Thank you Simon for this interesting article! I think there is a small typo, under the heading" Product Goal", you wrote

"...current Product Goal is fulfilled on discarded."


I believe you meant to write "or" instead of "on".

Kind regards,
Olivier


Miriam Mulders
07:56 am November 9, 2021

Thank you for your effort to provide examples for Product and Sprint goals.
I am having a hard time (like @miklsguthy:disqus) to understand the additional value of these kind of goals, compared to a functional and work breakdown of what the future product globally consists of and what needs to be done to produce it.
This can be expressed and monitored by epics, features, stories and tasks. In some situations, a 'team' goal, rather than a 'product' or 'sprint' goal might serve the team. For example: "In 3 months, the list of open customer tickets must be reduced to 10%". Or "For the upcoming 4 sprints, the team will focus on the new feature X and not be distracted by non-critical support questions" or "Let's strictly follow the DoD for at least three sprints, to see if it still works for us". Such goals help to focus on items that cannot (easily) be grouped by epics, features, etc.
Even if there is a difference between the goal concept that you define here and the list of work items on a Scrum board and an up-to-date, prioritized product backlog, I think it will be a very small difference, with low added value. A team should question itself whether it is worth spending time and energy (discussions, meetings) on defining these type of goals (assuming the team does have epics, features, etc defined).


Rene de Ruyter
01:16 pm March 30, 2022

I am always very much into good Sprint Goals. I am sorry to say I don't agree with your examples. To me they looks like tasks instead of a goal.

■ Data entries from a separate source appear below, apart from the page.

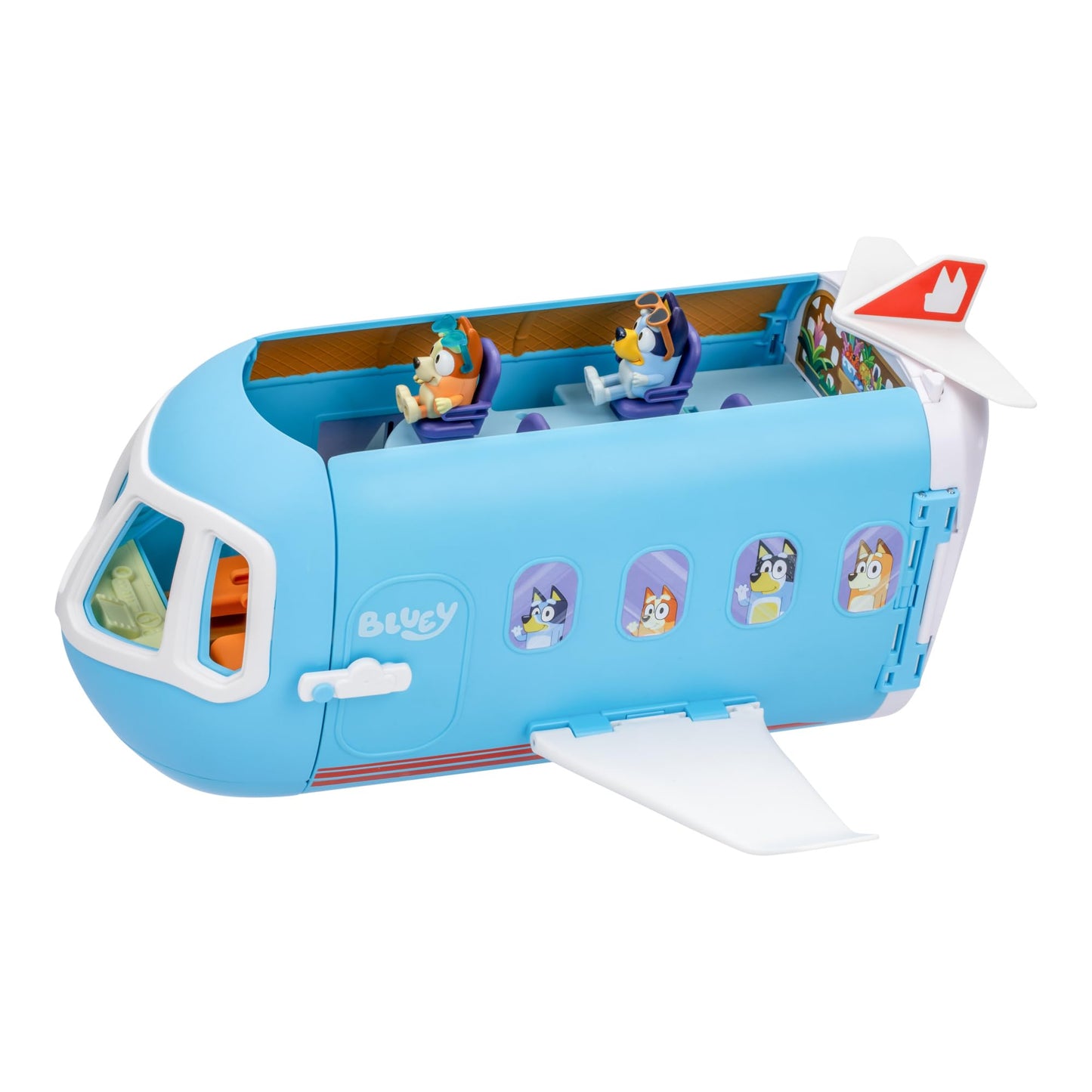 Bluey 3-in-1 Transforming Plane Playset, Transforms from A Plane to A Resort and a Boat! Over 25 Sounds and Phrases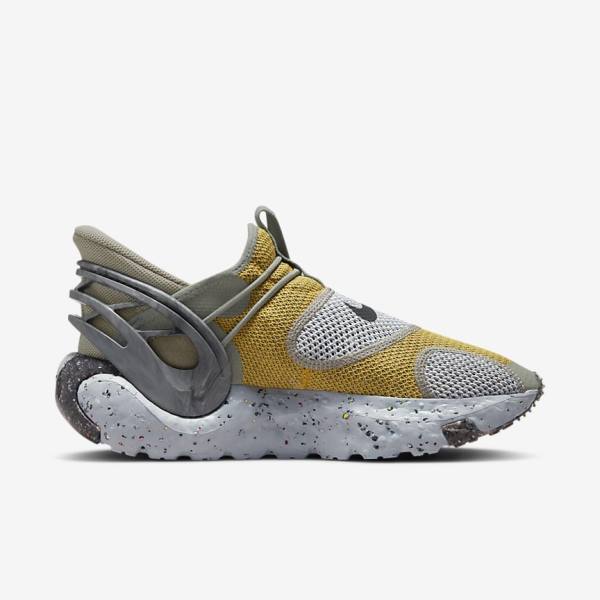 Zapatillas Nike Glide FlyEase Hombre Amarillo Gris Negras | NK312ERQ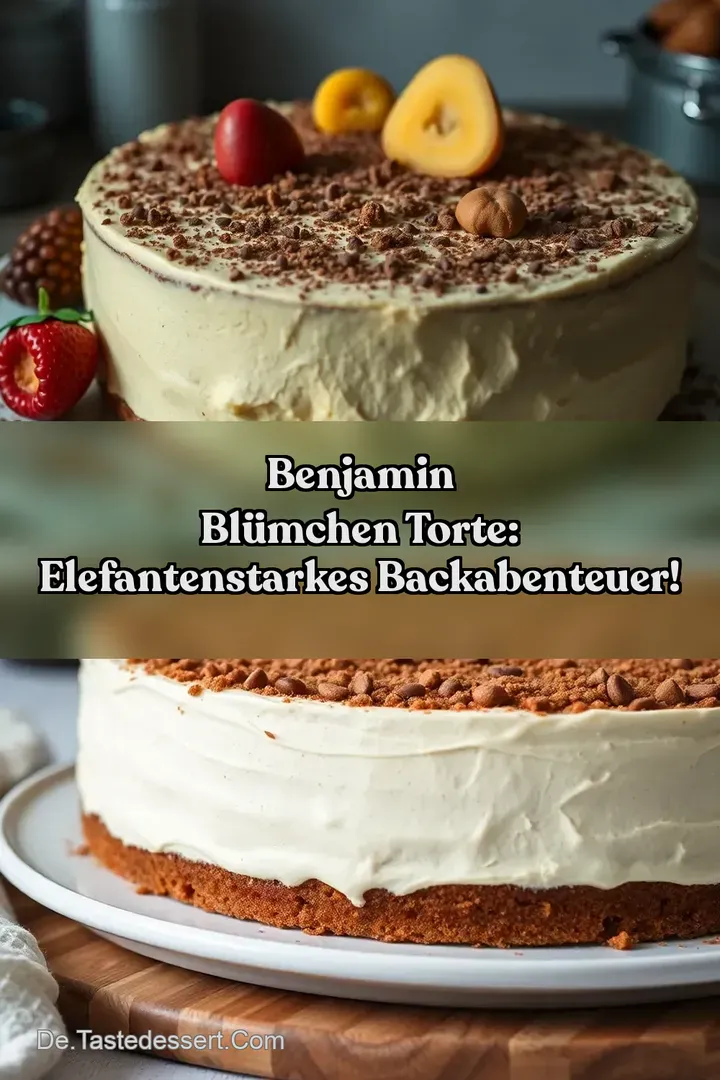 Benjamin Blümchen Torte: Elefantenstarkes Backabenteuer!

A goal is for me something that is pretty SMART and abstract and should be easily associated with a purpose.

Something like: Increase the conversion rate by 10 % by providing more payment options.


Suji Sadha
06:49 pm April 26, 2022

How do you write sprint goals for technical stories (eg : Azure migration stories)


Ari R Fikri
04:55 am June 28, 2023

I'd love to see if you can update this article and accommodate product vision, product strategy into this article, even a paragraph if it is not needed or already covered by other ideas in this article.


Paul Hill
03:33 am January 5, 2024

Thank you for the examples. I do have a question though. As part of a company's business plan, there are normally high-level strategic goals, such as Mission Statement, Vision Statement, etc. I have read through many blogs on this topic, but I have yet to see how these tie into that. How do they tie in?


Simon Kneafsey
07:28 am January 5, 2024

All of those and more could be in use. A Product Goal would be a step towards them.


Alex T
10:53 pm June 18, 2024

I couldn't disagree more. Scrum - as defined by Ken Rubin has a very precise intention for each part that has a specific purpose. This list of goals looks more like the backlog should look. If your goals look like this, I wonder how the backlog looks? In Essential Scrum, it seems like the Sprint Goal is not well defined, but the inference in how it's discussed is that it's a single statement, not a bullet list of what could be either story description or even acceptance criteria.